Smith’s journey to the top trade association’s role was a winding path, as he first started in construction, working his way up to executive vice president role at local leading firm George & Lynch. He later transitioned to a leadership role at financial advisory firm Janney Montgomery Scott.
Throughout the 1990s and early 2000s, he juggled his career with a political role, serving as Republican representative for the Brandywine Hundred. There in the statehouse, he too worked his way up the ladder and became House Majority Leader, until he stepped down in 2007 to head the Delaware Healthcare Association.
“Over Wayne’s tenure and with his leadership, we’ve maintained a very positive environment in which to deliver hospital services. Wayne leaves a strong association with dedicated and talented staff,” said Penny Short, the president of TidalHealth Nanticoke Hospital and the chair of the Delaware Healthcare Association board.
Over the past decade and a half, he learned the ropes of where policy intersected with health care, particularly with Medicaid and Medicare. Over time, the association members have contended with payment reform models, pushed by the Affordable Care Act and federal systems to aid with uninsured patients.

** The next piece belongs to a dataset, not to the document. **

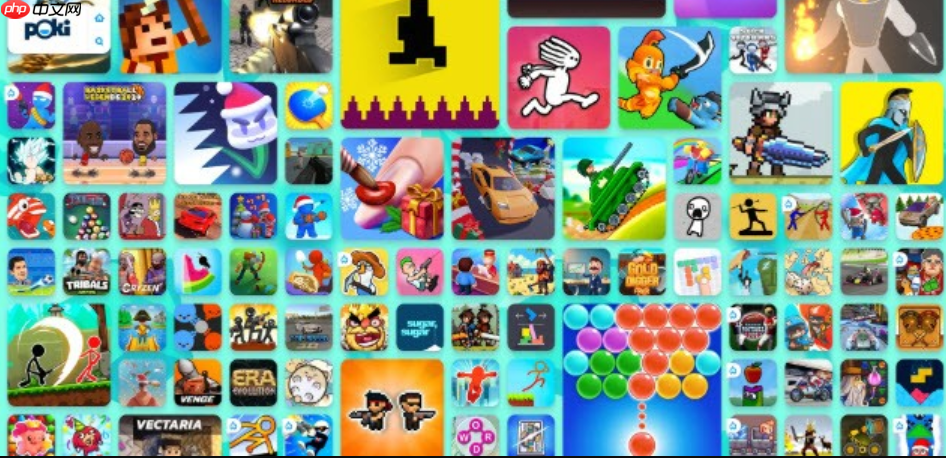 poki点击秒玩入口怎么找_poki官网小游戏免费即点即玩入口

“We’ve gone from a system that had local variations to the ACA, and now we’re really starting to see a broadening of opportunities for providers. We’re seeing telehealth and home visits. We’re seeing health care systems really sit and think about the social issues at play when it comes to health,” Smith said. “The focus over the years, we’ve seen the approach become more on how to prevent patients from going to the hospital in the first place. What care is needed to catch these issues? It’s an evolving landscape.”
Among his proudest moments at the Delaware Healthcare Association, Smith pointed to his role during the COVID-19 pandemic, as it allowed him, the association and its members to carry out some of its most rewarding work.
That work includes establishing a hospital relief fund, launching rapid certified nursing assistant (CNA) training initiatives for National Guard members, and recent efforts to funnel more than 200 licensed nurses to local hospitals during the pediatric RSV and flu surge.
“I got to do things that never would occur in ‘normal’ times… this was important and significant stuff that had to turn on a dime because of crises in front of us. Gov. John Carney and his team have been great partners with these creative and timely actions,” Smith added.
Looking to the future of Delaware’s health care landscape, Smith said the greatest challenge would be the aging demographics.
“Delaware is the fifth oldest state. When people move to Boulder, Colo., it’s usually younger people who will need treatment for a sprained ankle. Here, it’s people in their retirement years that may need a knee replacement,” he said. “The issue of our time will be how to provide expansive treatment but also how to address how high the costs may get.”